(WHAT IS BEING ASKED)
What you produce should match the records below precisely, except that images are removed.

Web page caption snippets
********************

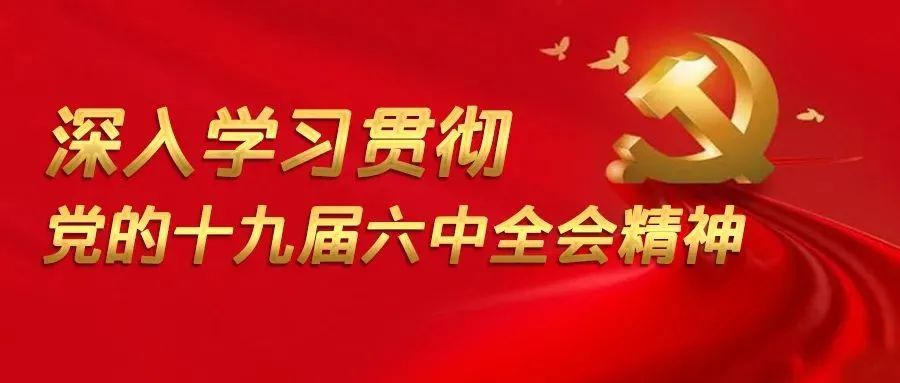 连日来,我市各部门单位,民主党派认真学习贯彻党的十九届六中全会精神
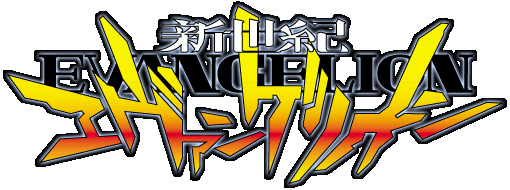 [Original Web Site Of Evangelion]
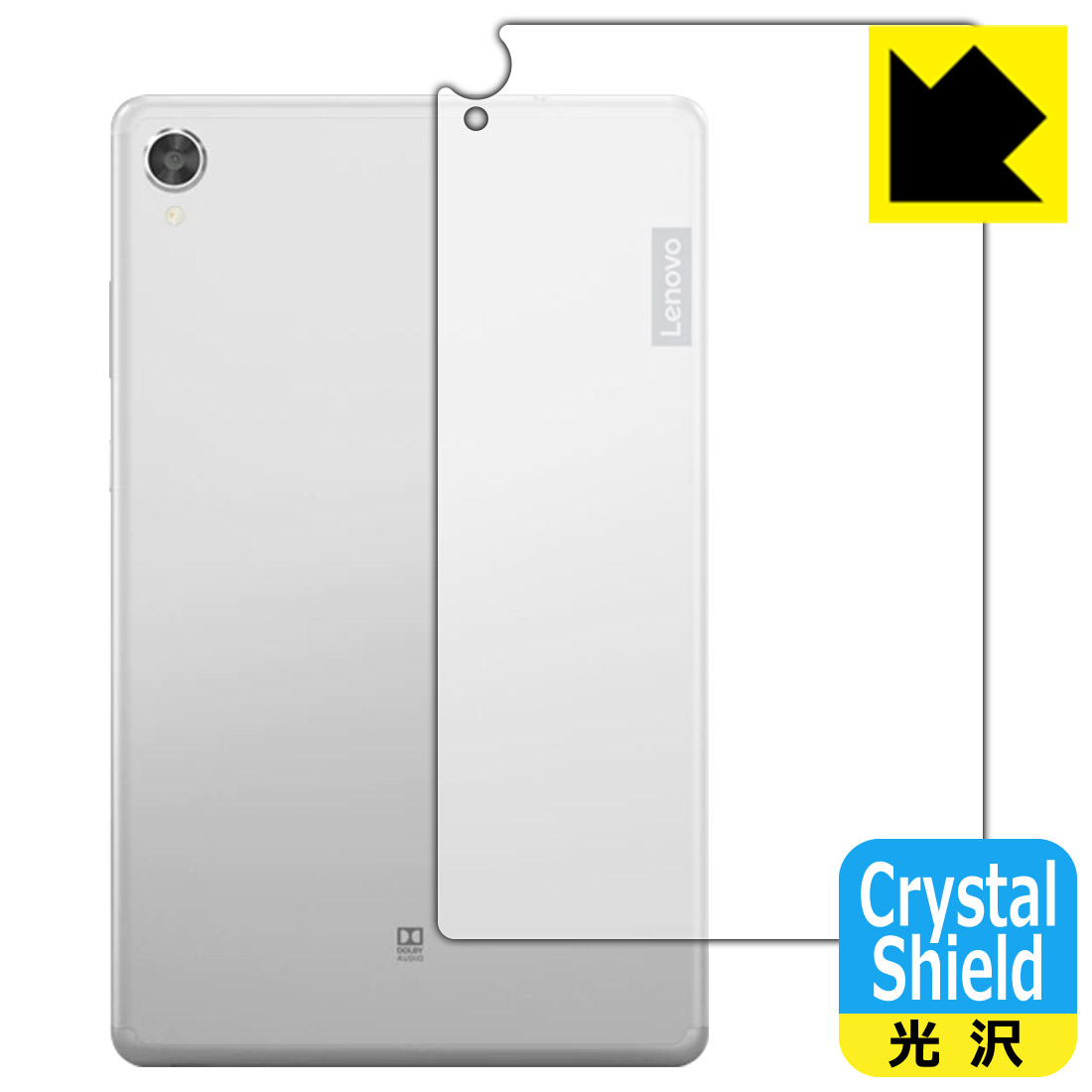 Crystal Shield Lenovo Tab M8(FHD) ���̤Τ� ������ ������¤ľ��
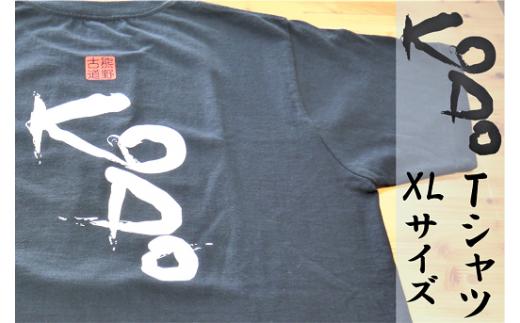 熊野古道Tｼｬﾂ【KODOTｼｬﾂ・黒・ＸＬサイズ】　綿100％　1番人気♪スタッフおすすめです
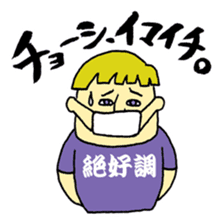 LOVE!! Japanese T-shirt!! sticker #1548281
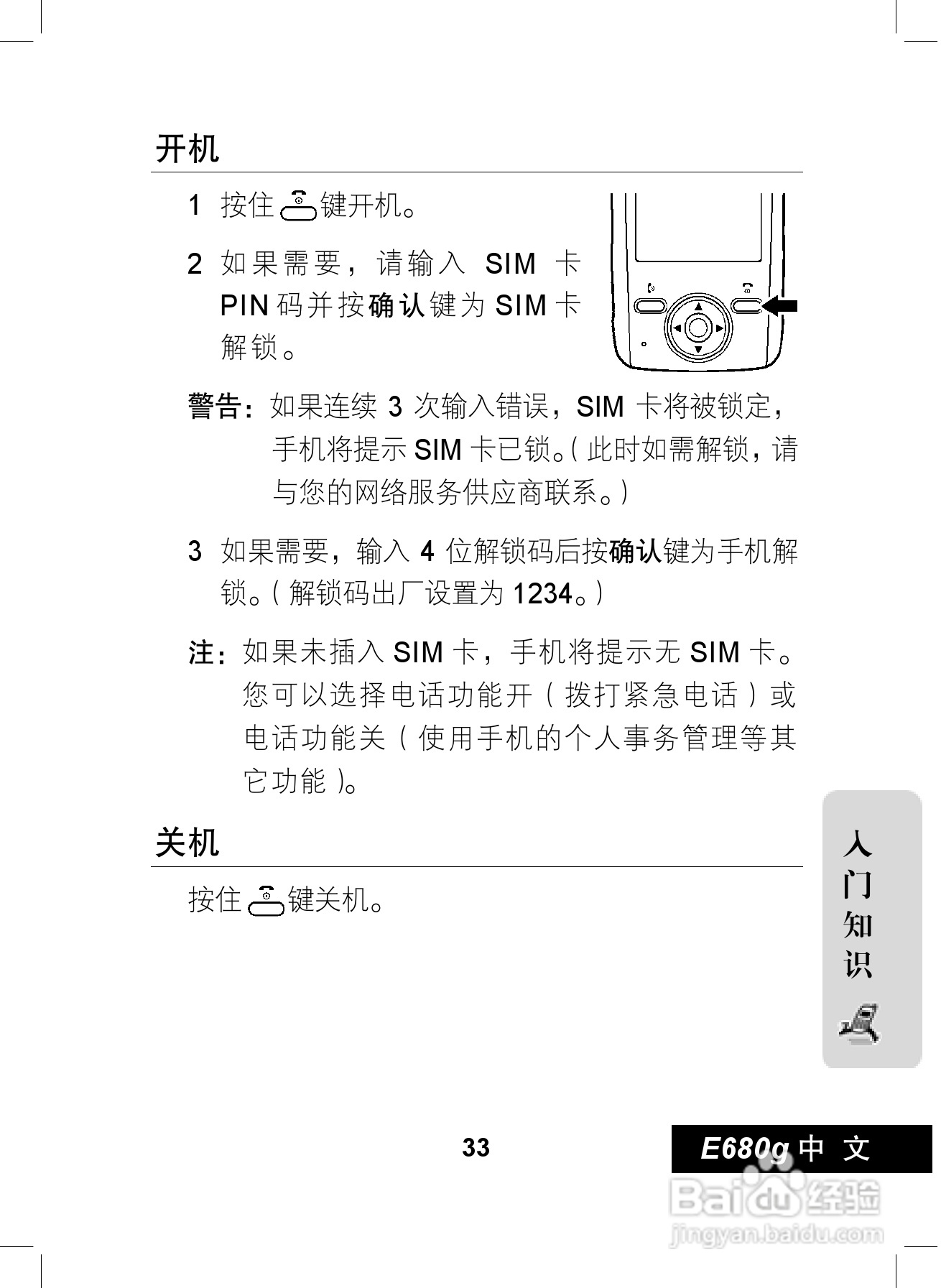 摩托罗拉E680g手机使用说明书:[4]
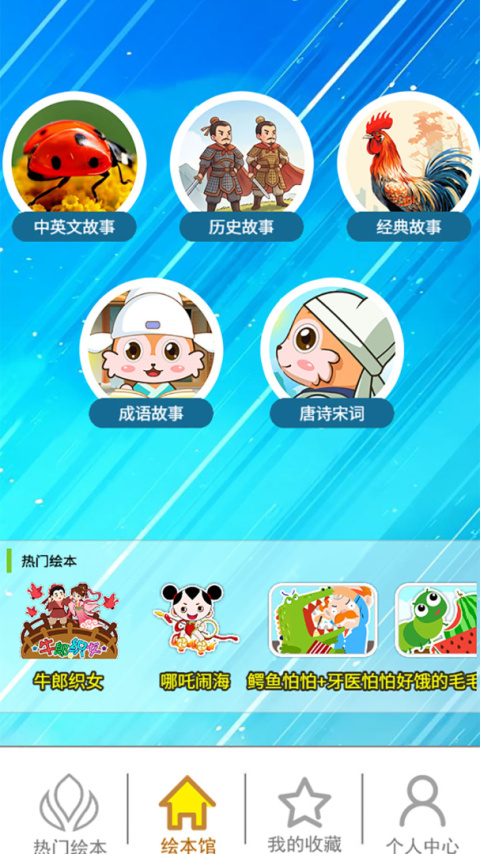 北奇星绘本app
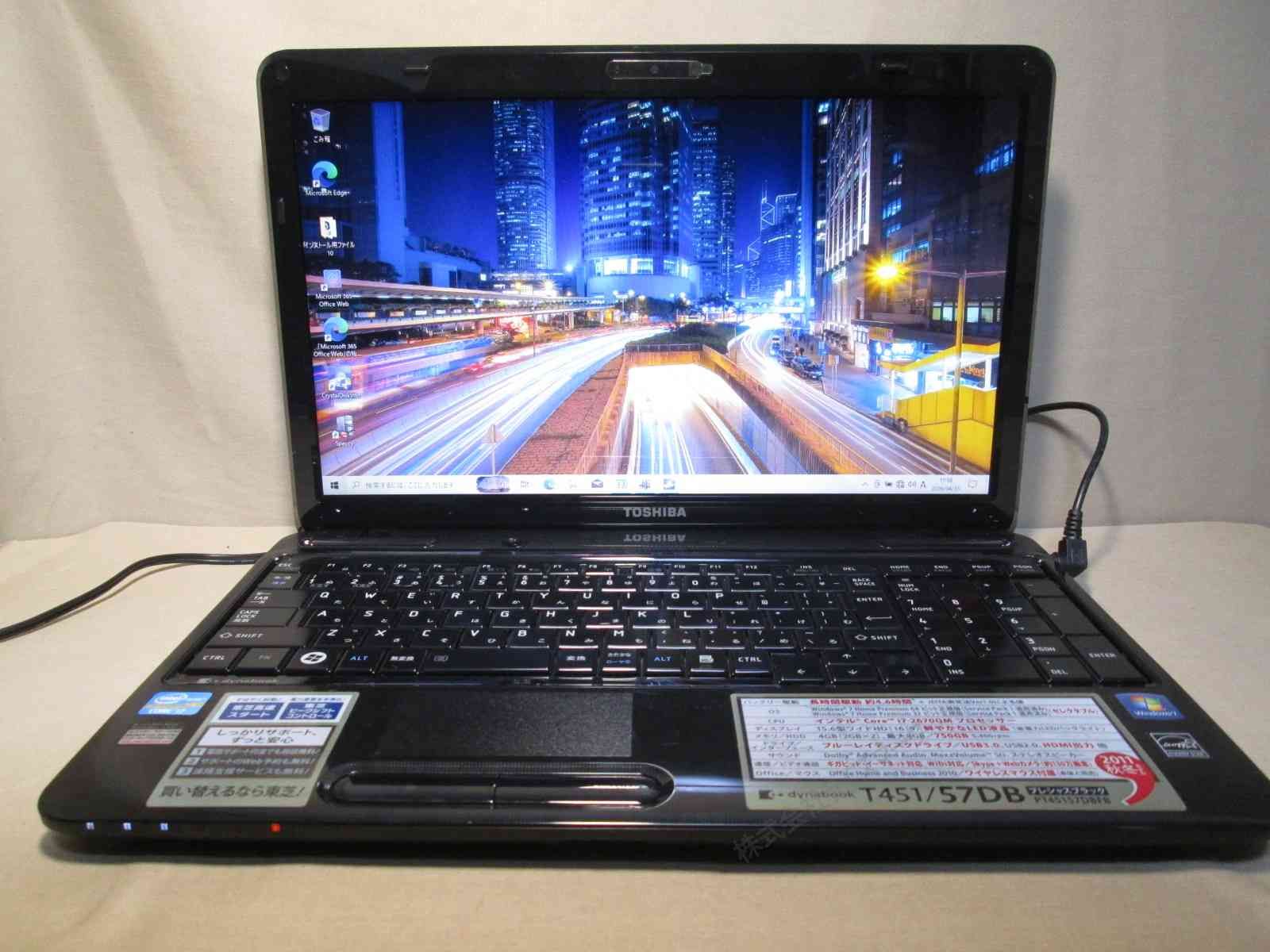 東芝 dynabook T451/57DB PT45157DBFB【Core i7 2670QM】 【Windows10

********************

(REPLY TO THE EXERCISE)
 连日来,我市各部门单位,民主党派认真学习贯彻党的十九届六中全会精神
 [Original Web Site Of Evangelion]
 Crystal Shield Lenovo Tab M8(FHD) ���̤Τ� ������ ������¤ľ��
 熊野古道Tｼｬﾂ【KODOTｼｬﾂ・黒・ＸＬサイズ】　綿100％　1番人気♪スタッフおすすめです
 LOVE!! Japanese T-shirt!! sticker #1548281
 摩托罗拉E680g手机使用说明书:[4]
 北奇星绘本app
 東芝 dynabook T451/57DB PT45157DBFB【Core i7 2670QM】 【Windows10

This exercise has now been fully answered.